I will never go back.
*
Safety? That's when you have the biggest gun. Security? That consists of access codes and keycards. Safety must be secured... behind steel doors and lead curtains. I was safety once. I was the answer. The problem is… the biggest gun always gets hidden behind the best locks, in the deepest holes. I dreamed for an age of the sun, of light, of warmth.

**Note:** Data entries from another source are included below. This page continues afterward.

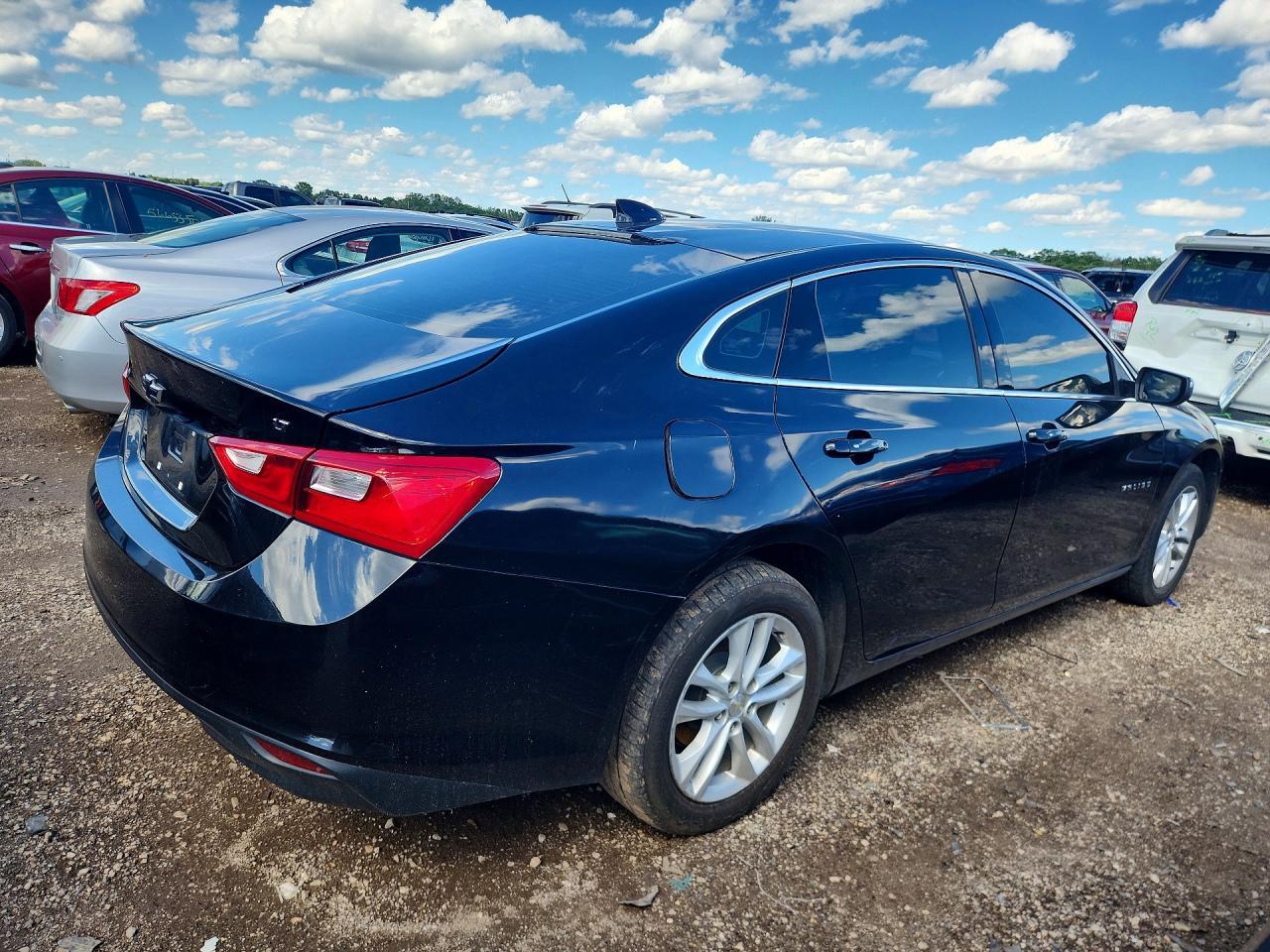 2017 Chevrolet Malibu Lt - Фото 3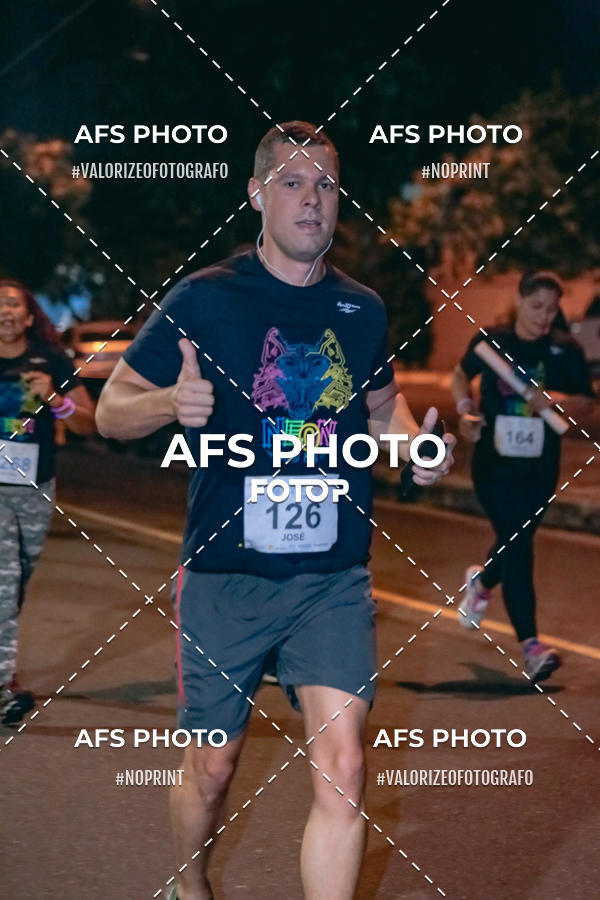 Acquista le foto dell'eventoNeon Night Run 2019 - Belo Horizonte in Fotop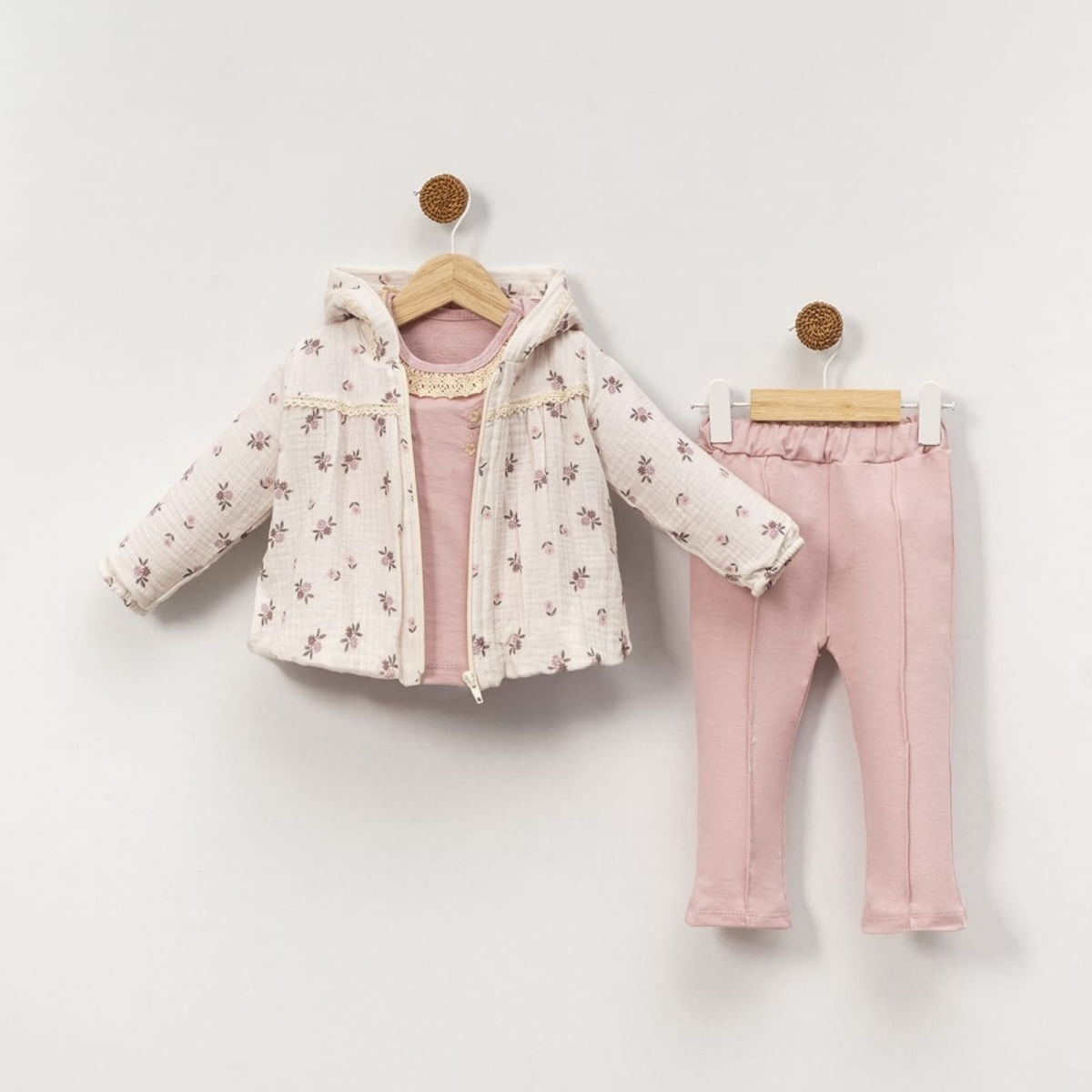 BEBLY KİDS 2528-KIZ 9/18 AY ÇİÇEK DESENLİ CEKETLİ 3 LÜ TAKIIM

Instead, I became the sun.
*
A week later, the first reconnaissance team finds me. I tell them to leave me alone, but they open fire. I drink them and leave their bodies to the coyotes. After that, the coyotes don't seem to mind me, so I share their den.
*
More come. I ask the second team what their orders are: "Neutralize Patient Zero." I just laughed. They didn't seem to understand what was so funny. They open fire, panicking when they see how useless their lesser weapons are against their government's greatest creation. I stopped them when they tried to run though. I don't want to give up my location. I like it here. This cave is nice.
*
Sometimes my body still stings. There are little tingles for a moment in my wrists. I swear I feel my heart stutter, but I haven't had a pulse for a long time now. Is this the death I used to wish for?
*
The coyotes get hungry more than I do, so I catch smaller prey for them between my own kills. Rabbits and the like seem to satisfy them. When people wander out into the desert though, we feast. The hungry burn in my throat doesn't scare me anymore. Sometimes I don't even kill a person that comes near, and instead let the pain remind me that I am a weapon now… created to destroy. They can't make me kill though. I choose when I kill. That choice is all I have left.
*
I have a hard time keeping track of time unless I can see the sky. All that time burning made me lose track. I have no idea what year it is. Guess it doesn't matter. I am a fugitive, a murderer. I will wait in this cave to die, but I won't go back. I will never go back.
*
Voices. Talking. English, too. Strange in this area. Used to hearing Spanish now. Hungry.
*
That is the third recon team that got too close in the last year. Looking for Patient Zero. No. She is dead now. The fire finally took her. It was too much. She burned. I am all that is left: this dehydrated, glittering shell-casing. I don't know what to call myself; don't know what I am now. Not her though. Patient Zero is dead. She burned up.